Core AI - OS 27 and WWDC26

Core AI for App Developers

Core AI is Apple's new on-device model deployment stack for OS 27 apps: Python and PyTorch tools to produce .aimodel assets, a Swift framework to run them, and Xcode tools for specialization, caching, profiling, and debugging.

June 15, 2026 8 minute read WWDC26 session 324
WWDC26 Core AI session artwork
Apple positions Core AI as the lower-level runtime and toolchain for bringing your own on-device models to Apple Silicon.

Highlights

Runtime layer

Use Core AI when you own the model asset; use Foundation Models when you want the language-model session API.

PyTorch path

coreai-torch converts exported PyTorch graphs into optimized .aimodel files.

Swift API

AIModel, InferenceFunction, and NDArray are the basic integration types.

First-run cost

Plan for model specialization, cache management, and ahead-of-time compilation before users tap the feature.

What Core AI Is

Core AI is not another prompt API. It is the deployment path for your own on-device models: convert or author a model, ship or download the .aimodel, specialize it for the user's Apple Silicon device, then run inference locally across CPU, GPU, and Neural Engine.

Requires OS 27 runtime

Foundation Models still matters. It is the ergonomic language-model API for sessions, streaming, tools, and structured output. Core AI sits below that when you bring your own model; Apple's Core AI Models runtime can expose a Core AI language model through the Foundation Models session shape.

import FoundationModels
import CoreAILanguageModels

@Generable
struct VocabCard {
    let term: String
    let definition: String
    let example: String
}

let model = try await CoreAILanguageModel(resourcesAt: qwen3ModelURL)
let session = LanguageModelSession(model: model)

let response = try await session.respond(
    to: "Create a short vocabulary card for sunflower",
    generating: VocabCard.self
)

let card = response.content

That is the handoff point: Core AI owns the local model asset, specialization, and hardware execution; Foundation Models owns the conversational session, transcript, tools, streaming, and typed generation.

Convert PyTorch to .aimodel

The shortest path starts in Python.

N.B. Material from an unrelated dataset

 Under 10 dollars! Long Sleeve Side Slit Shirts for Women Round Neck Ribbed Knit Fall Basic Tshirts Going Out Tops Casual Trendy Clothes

Export the model with torch.export, run Core AI's decomposition table, convert with TorchConverter, then save an .aimodel asset that Xcode and the OS 27 runtime can understand.

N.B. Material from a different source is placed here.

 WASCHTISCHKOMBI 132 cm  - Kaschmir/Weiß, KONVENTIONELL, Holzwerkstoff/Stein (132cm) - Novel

Python 3.11+ and PyTorch 2.8+
Older toolchain fallback

If your build environment cannot run the Core AI Python packages yet, keep the model in its current deployment format and isolate conversion in a separate experiment branch or CI job. Do not commit an unverified conversion; compare numerics against the original PyTorch model first.

import torch
from coreai_torch import TorchConverter, get_decomp_table

model = MyModel().eval()
sample = (torch.randn(1, 10),)

exported = torch.export.export(model, args=sample)
exported = exported.run_decompositions(get_decomp_table())

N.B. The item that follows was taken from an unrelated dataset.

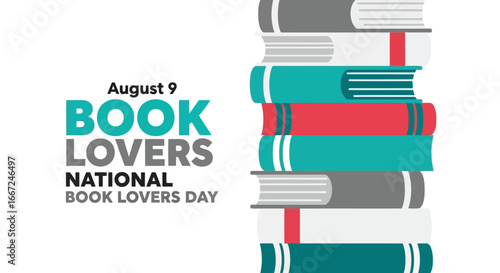 Vector art of national book lovers day with a vertical stack of books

ai_program = TorchConverter().add_exported_program(exported).to_coreai()
ai_program.optimize()
ai_program.save_asset("MyModel.aimodel")

Use coreai-opt before conversion when memory, disk size, latency, or power needs compression. Its workflows cover quantization, palettization, pruning, calibration-based compression, and fine-tuning-based compression while staying in PyTorch until export.

Inspect the Model in Xcode

Add the .aimodel file to the app target and open it in Xcode. The model viewer shows metadata, size, operation distribution, and function signatures. That signature is your contract: names, shapes, scalar types, dynamic dimensions, inputs, outputs, and states.

Xcode 27 tooling

This matters because Core AI does not hide tensor plumbing. If a function expects a 2D float32 NDArray named features, your app must provide that exact input.

AIModel, InferenceFunction, NDArray

The basic Swift flow is small: load the model, load a named inference function, prepare one or more NDArray inputs, run the function, then read the output arrays.

Requires OS 27 runtime
import CoreAI

struct ModelRunner {
    let function: InferenceFunction

    init(modelURL: URL) async throws {
        let model = try await AIModel(contentsOf: modelURL)
        self.function = try model.loadFunction(named: "main")!
    }

    func predict(input: NDArray) async throws -> NDArray {
        var outputs = try await function.run(inputs: ["features": input])
        guard let logits = outputs.remove("logits")?.ndArray else {
            throw ModelError.missingOutput
        }
        return logits
    }
}

For hot loops, move beyond the simple path: allocate NDArrays in the runtime's preferred layout, pre-allocate outputs, and pipeline work with asynchronous values when multiple inference functions compose.

Specialization, AOT, and Caches

A shipped .aimodel is a portable source representation. Before it runs, Core AI specializes it for the user's hardware and OS version. Large models can make that first load expensive, so do it during onboarding, after a model download, or behind an explicit "prepare" step rather than inside the main tap path.

OS 27 cache and specialization APIs Xcode 27 AOT tools
let cache = AIModelCache.default

if let model = try cache.model(for: modelURL, options: .default) {
    // Fast path: already specialized and cached.
    use(model)
} else {
    showPreparingState()
    try await AIModel.specialize(contentsOf: modelURL)
}

Ahead-of-time compilation moves part of specialization to the development machine. Apple's session shows coreai-build producing compiled variants for device architectures; the app can then download the right asset and leave less work for first launch.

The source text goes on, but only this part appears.